I’m not a very spiritual person and don’t always buy into the ‘signs’ and next life business. But I’ve felt her presence around us so much recently. Rach and I met in Buxton a few weeks ago. We were in the café that I last saw Mon alive in and just as we’d finished chatting about the fact we’d both dreamt about her recently, Van Morrisons ‘Brown Eyed Girl’ boomed over the sound system- the last song that was always played at our favourite uni night out and the song we asked her parents to play at her funeral. I’m absolutely convinced it was her way of saying that she was annoyed we’d not invited her along!
I think about her all the time, often forgetting she’s no longer here as I think of something I must remember to text her about or see a picture that I know would make her smile. I miss her. Deeply. All the time. My biggest hope in all this is she realised when she was alive just how much she meant to us all. That we didn’t take her kindness and reliability for granted because she was too selfless to get annoyed at our selfishness. Friendships are hard in your 30s and 40s when you’re juggling kids and families and jobs- its hard to make meaningful new ones that work as well as your old faithfuls and that just makes me miss her even more.
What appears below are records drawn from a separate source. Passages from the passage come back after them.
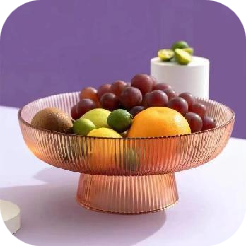 Avantages des plateaux de fruits en verre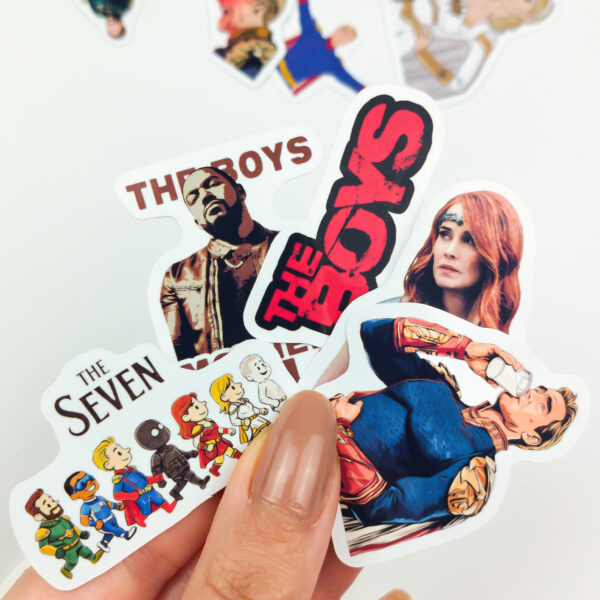 The Boys Sticker Paketi 22 Parça Kaliteli Su Geçirmez Etiket Seti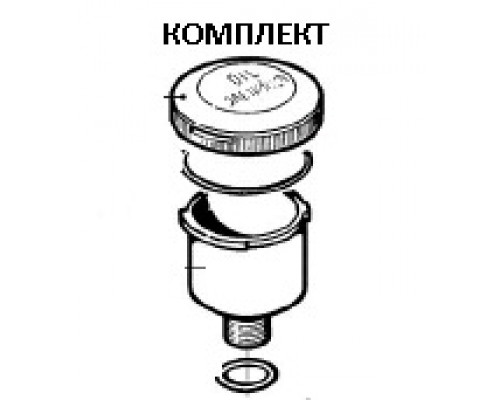 Бачок уровня масла в сборе насоса BP/APS/IDS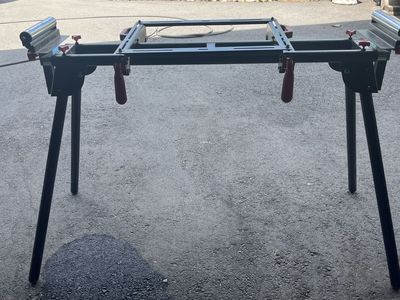 Miter saw stand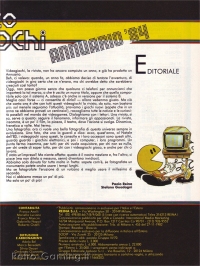 Annuario Videogiochi 1984 Gruppo Editoriale Jackson pagina 5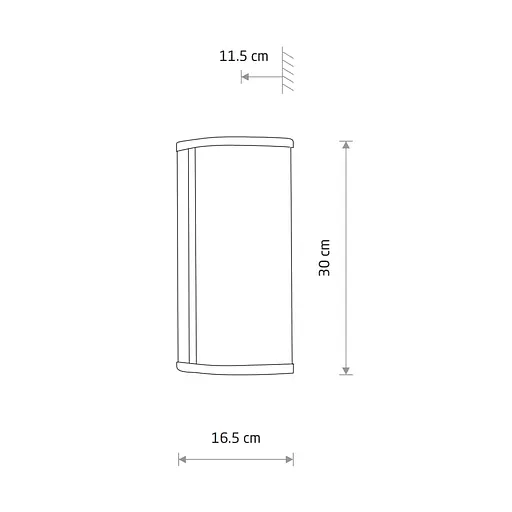 Світильник для ванної кімнати Nowodvorski Palmas 10729 - фото 7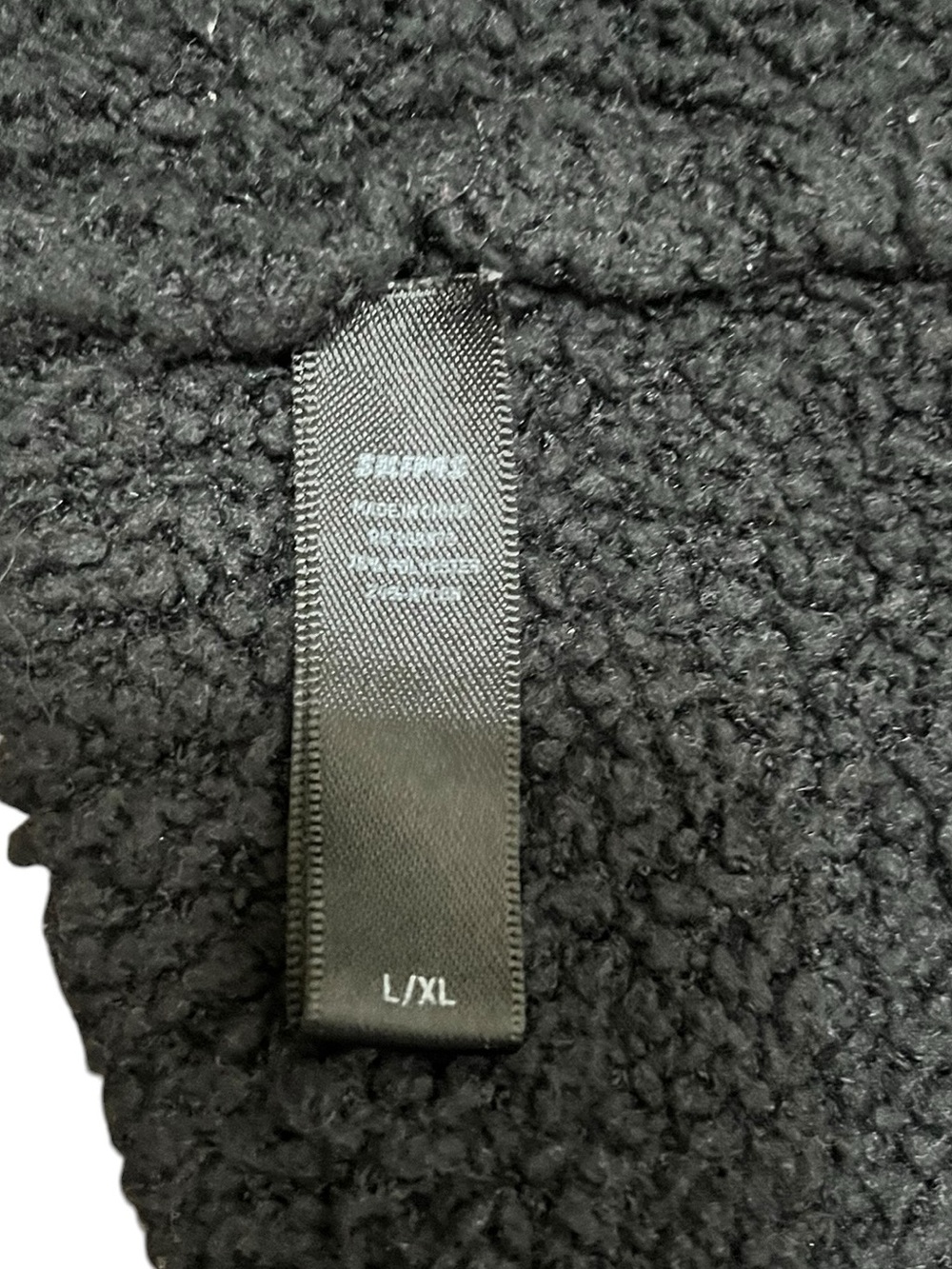 SKIMS COZY KNIT CROPPED TANK ONYX - Picture 6 of 6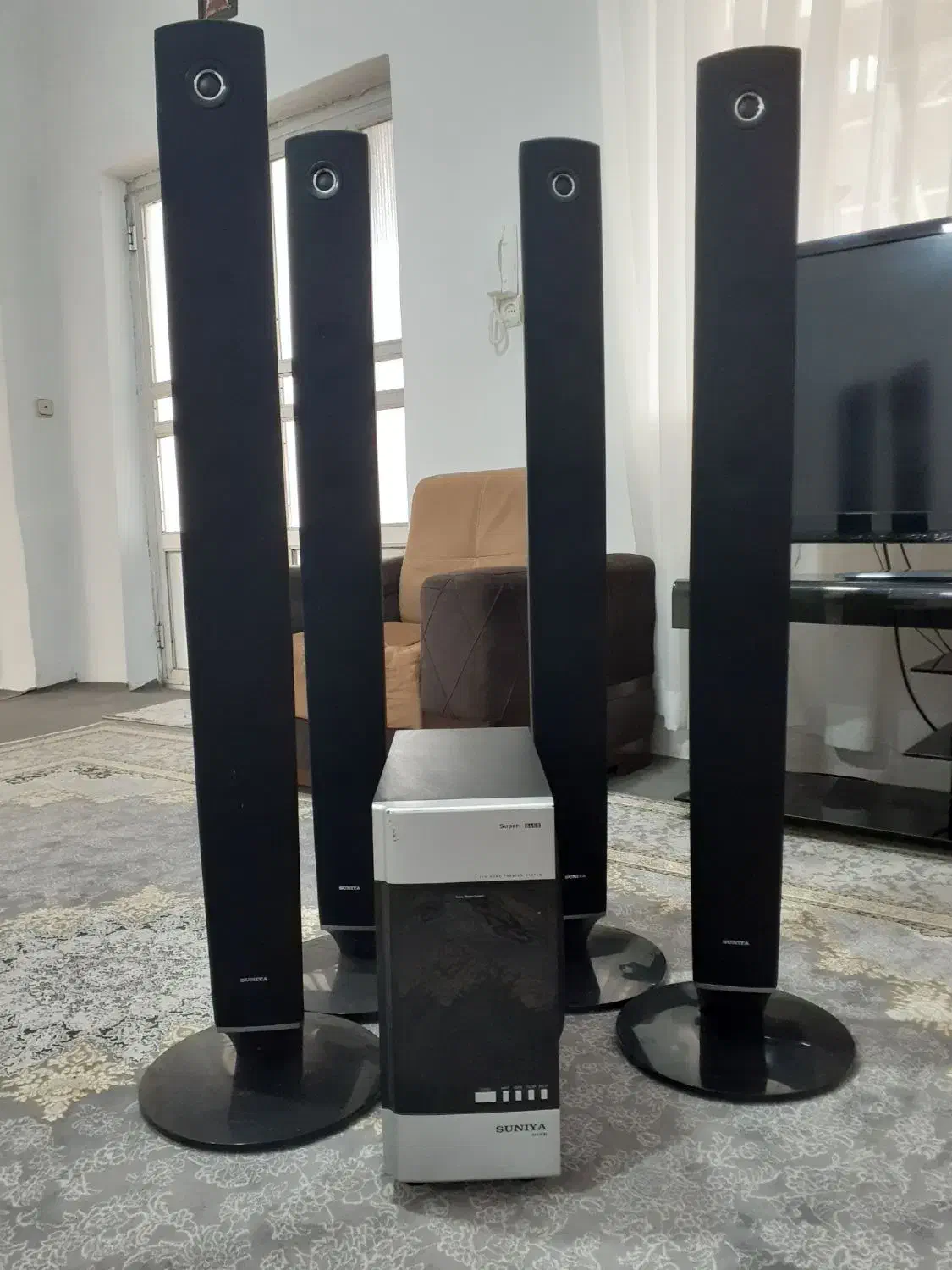 ساب بابلندگو|سیستم صوتی خانگی|چالوس, |دیوار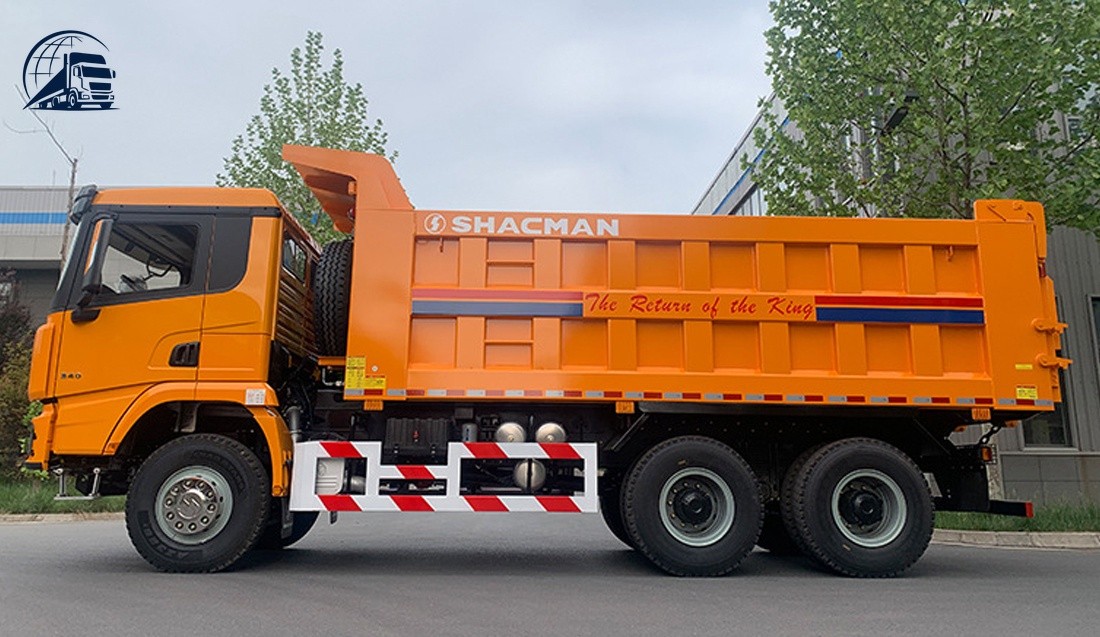 Nouveaux camions-bennes Shacman X3000 6x4 à 10 roues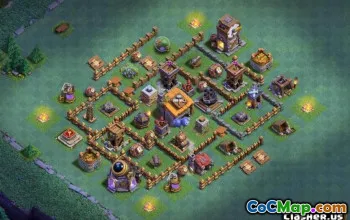 COC Builder Hall 6 Base Layouts: Farming, Trofee & More #14259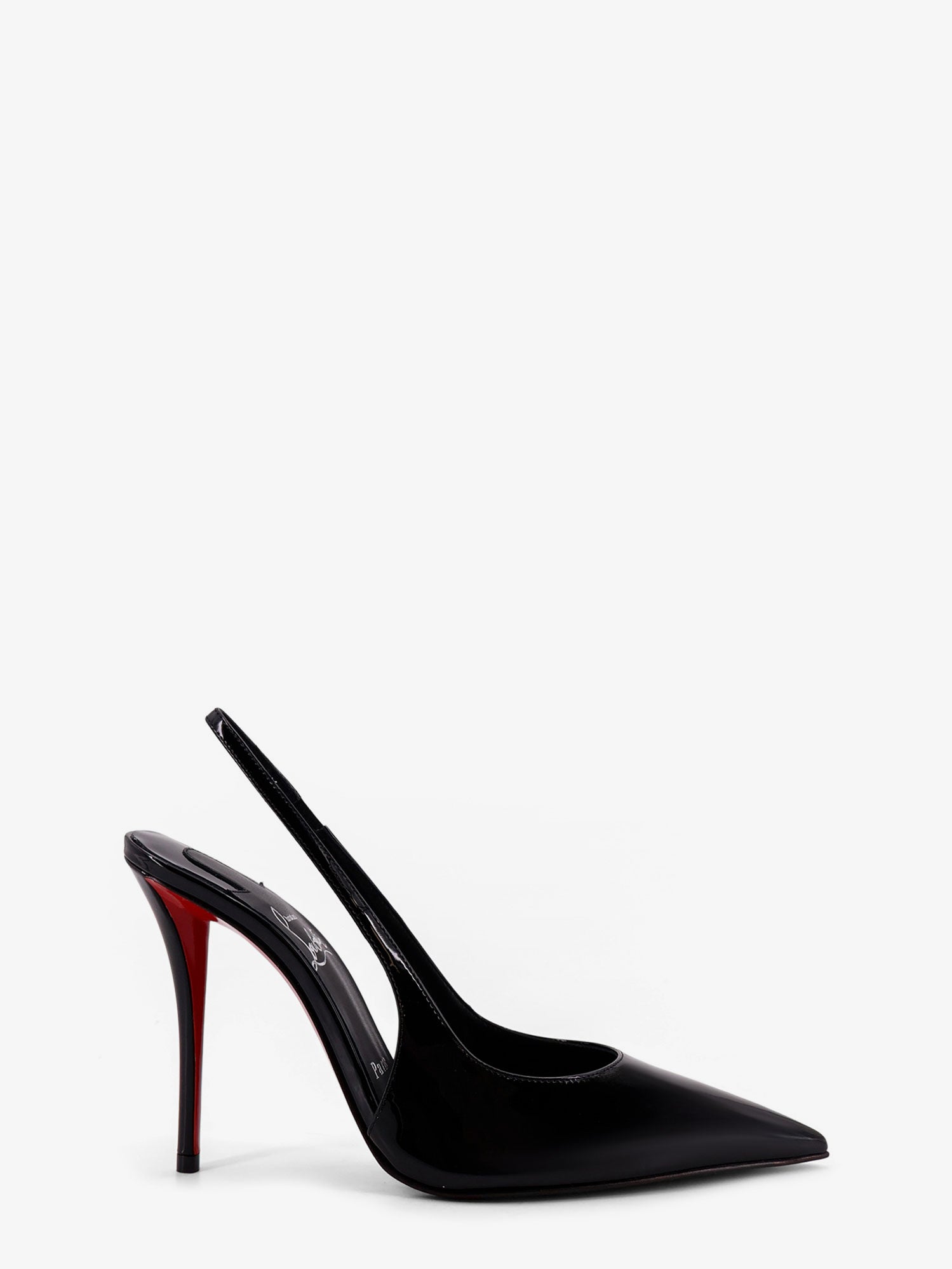 Christian Louboutin Women Miss Z Patent Leather Slingback Decollete CHRISTIAN LOUBOUTIN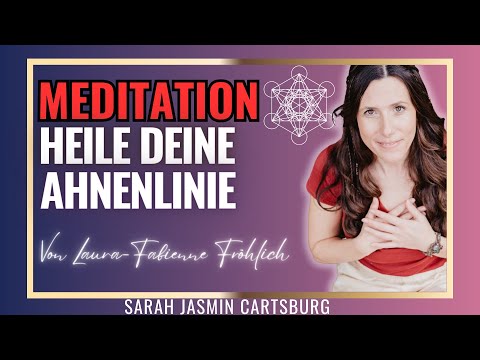 🌀Meditation mit METATRON! Heile Deine Ahnenlinie bis zur 13.Dimension!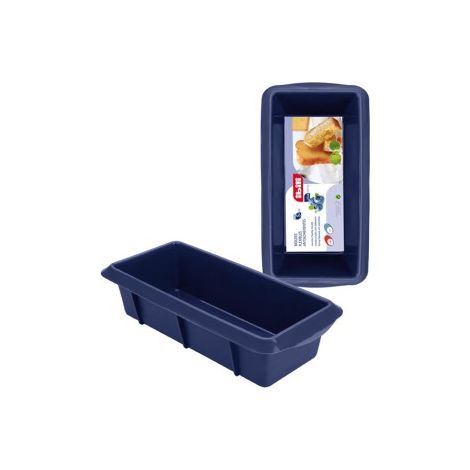 ibili Stampo per dolci rettangolare blu 30 cm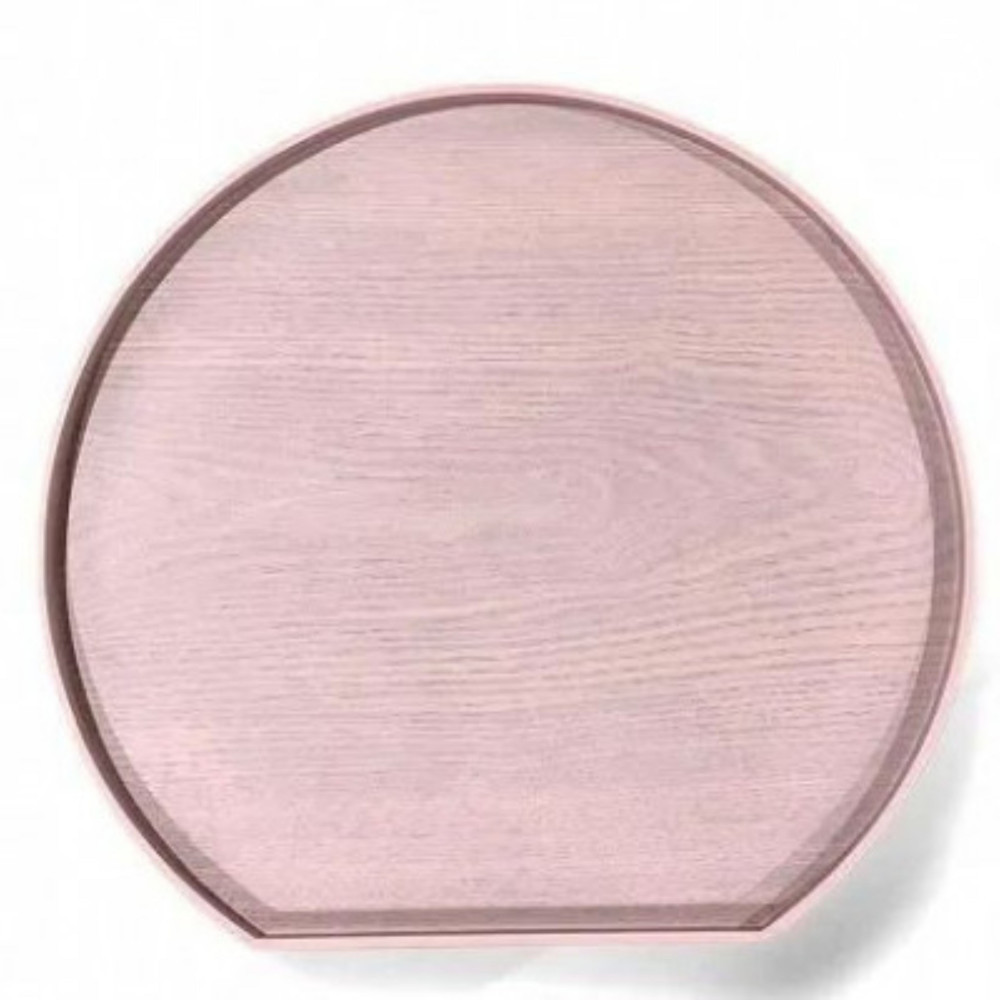 半月トレイ&nbsp;桜色［NF78］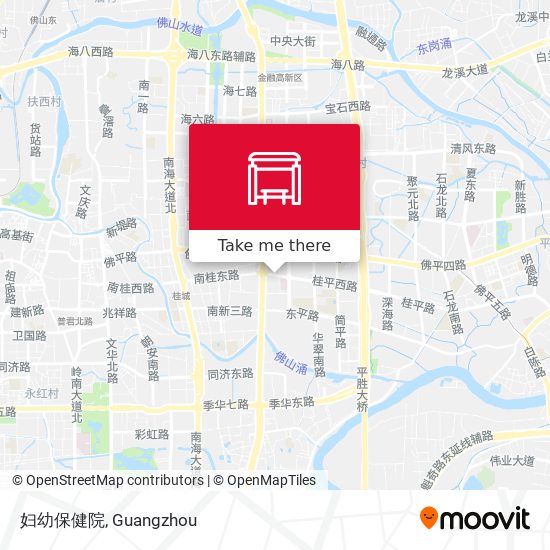 妇幼保健院 map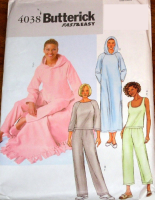 Butterick B4038 Freizeitanzug,  Robe, Top, Hose und...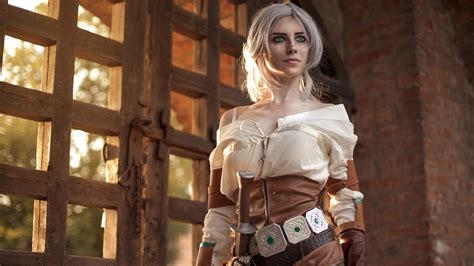 witcher cosplay porn nude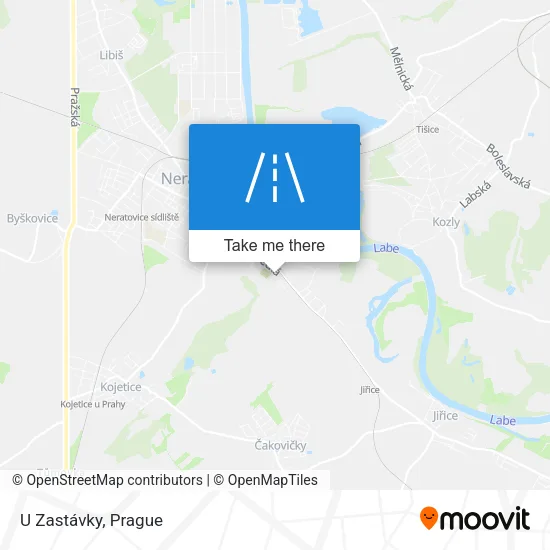 Карта U Zastávky
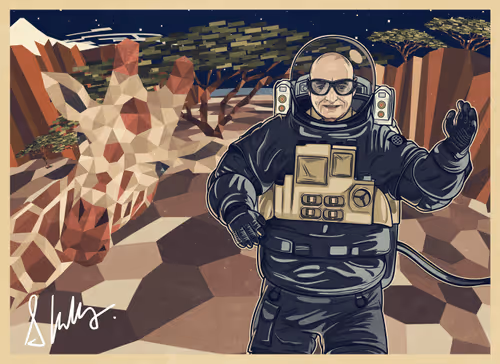 Postcard from Space #917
So many things have happened since she died where I’ve thought ‘Mon would know what to do’ or ‘I wish she was here to help me with this.’ And life is so busy that you have to pick yourself up and plough back on to that never ending treadmill of tasks, meaning either you don’t actually process and grieve or you dust yourself down as best you can and pretend all is well. We have a rose in the garden that another friend bought us to remember her by and both Jon and I chat to her- sometimes to apologise if the kids have hit her with a stray football but more often to just feel reassured that she’s still there watching over us.
So no bright side ending to this one- no real lessons learnt other than that good friends are hard to find and even harder to lose. I try not to take life fro granted now but thats always easy to lose sight of when you are caught up in the day to day madness. I miss her every single day and my heart is still broken that you were taken from this world far too soon. Two years on and I still can’t actually get my head around the fact you’re no longer here to sort us all out. Miss you Mondonna xxx
Beautifully written Rach. 💔your words capture an amazing friendship and wonderful memories. Sending love and hugs.